Ebola Outbreak: Putting the Public Back in Public Health


Oct 9, 2014

A burial team wearing protective clothing prepares to enter the home a person suspected of having died from Ebola in Freetown, Sierra Leone, September 28, 2014

A burial team wearing protective clothing prepares to enter the home a person suspected of having died from Ebola in Freetown, Sierra Leone, September 28, 2014

Photo by Christopher Black/WHO/Handout via Reuters

This commentary originally appeared on The Hill on October 9, 2014.

Like many Americans, I have been following the news about the worsening Ebola situation in West Africa. And, like many Americans, I was riveted to the announcement on Tuesday of the first case of Ebola that appeared and was diagnosed in the United States. During a press conference, Centers for Disease Control and Prevention (CDC) Director Thomas Frieden was reassuring in many ways. The United States, he said, is ready to “stop Ebola in its tracks” here. This patient and any others that may appear will be treated, he said, and active public health steps will be taken to limit transmission of the disease. What is also needed, though, are steps to stop Ebola in its tracks everywhere—and soon.

Heroic African medical professionals are doing their best to treat the patients that are now overflowing their somewhat meager normal medical capacity. The global health community and others are pitching in to help. The United States government is among those, having sent technical experts from the CDC to advise on outbreak control and, more recently, materiel and logistics personnel from the Department of Defense to help set up additional medical care capacity. All of these efforts reflect the medical and public health systems elements that are crucial to treating patients and controlling disease transmission. But they are not all that is needed.

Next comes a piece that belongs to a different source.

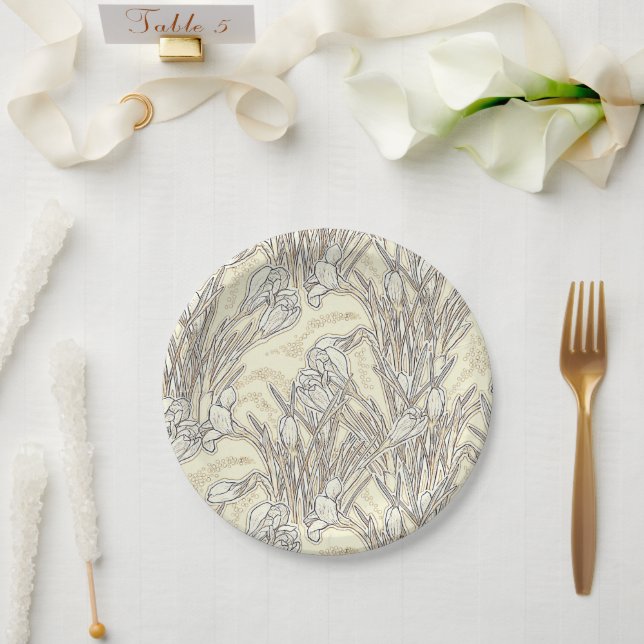 White Crocuses Spring Flower Floral Pattern Pink Paper Plate (Wedding)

What is missing is the productive engagement of the public in this public health crisis. Indeed, some news reports from the affected region suggest that the public is at odds with what is best for the public's health: people are hiding ill family members from the health authorities and failing to seek medical care. While this is understandable to some extent from their perspective, it is counterproductive to the overall effort to stem the tide of this deadly outbreak. What can the public do? What should they do? What should YOU do?

An informed and engaged public is critical to just about any public health effort. Although exact numbers are elusive, there is little doubt that the public—in the United States and around the world—played a critical role in responding to the H1N1 influenza pandemic that began in 2009. Virtually everyone heard, and hopefully heeded, the very consistent messages about “respiratory etiquette” and frequent hand washing to guard against spread of the disease. Once a new flu vaccine was available, many people got vaccinated (as many do every year for the annual flu season). The public also has contributed to successes in the past century to reduce the burden of other vaccine-preventable diseases such as polio and measles. Now many people are engaging—or at least trying to—in healthier lifestyles, such as better diet and exercise habits and less use of tobacco products. This will make for healthier individuals and a healthier overall population.

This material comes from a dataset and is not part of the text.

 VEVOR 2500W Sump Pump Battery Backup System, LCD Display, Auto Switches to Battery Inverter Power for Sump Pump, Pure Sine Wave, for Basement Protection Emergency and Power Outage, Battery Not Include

But what should be the role of the public in the current Ebola outbreak? The announcement of the first new U.S. Ebola case on Tuesday emphasized the importance of a public that is well-informed and aware of what does and does not pose a risk for Ebola. It was interesting to hear several different journalists press Frieden for specific information about the flights on which the new Ebola patient from Liberia arrived in the United States. Frieden responded each time with information about when and how a person can transmit the virus: A person is not infectious to others until symptoms (such as fever) appear, which was not the case of the individual in question during his flights; and the virus is not transmitted via the air as flu is, but rather, through contact with bodily fluids from a symptomatic person. It is critical that all Americans remember these facts and act responsibly—share information accurately and avoid taking needless, panicked actions like keeping their kids home from school when there is no sound public health reason for doing so. Most people with fever and other symptoms in the United States do NOT have Ebola, but if they have been in an affected country and in close contact with an Ebola patient, the probability of Ebola becomes higher. Those people should seek medical help promptly. And once they arrive for medical care, the medical professionals need to know what to look for, what questions to ask and, as importantly, what to do to safely care for such patients and notify public health officials.

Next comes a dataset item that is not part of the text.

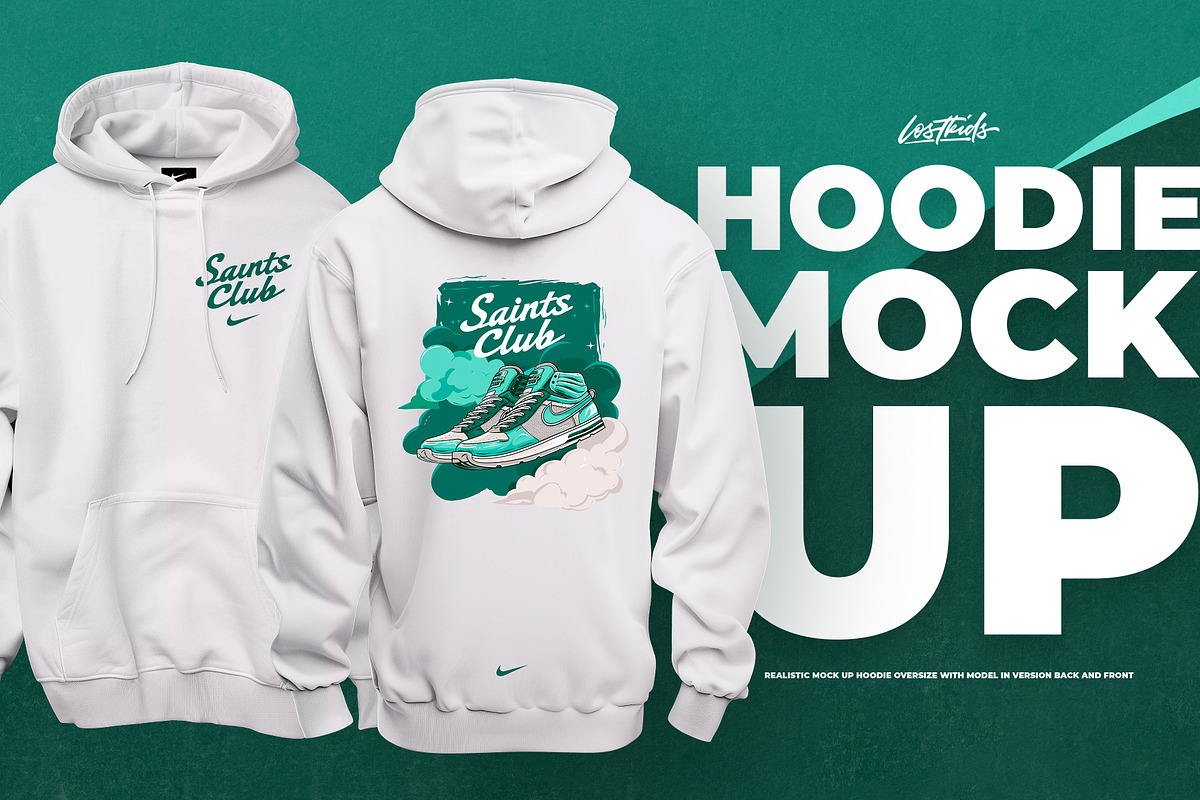 Realistic White Hoodie Mock up, a Hoody Mockup by Lostkids (Photo 1 of 3)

Community leaders in the affected West African countries should be working to effectively raise awareness among their populations so that people will know what they can do and will choose to do it. The medical and public health systems can and will help them, but the importance of the public's role in becoming aware and engaged in West Africa cannot be overstated. In the meantime, Americans must also be aware and act responsibly, as surely there will be more cases that will appear at the U.S. doorsteps. Everyone contributes to “global health security” and must be informed and responsible in this role.

Moore is a public health physician and senior natural scientist at the nonprofit, nonpartisan RAND Corporation and a professor at the Pardee RAND Graduate School. She is also a former medical epidemiologist with the CDC.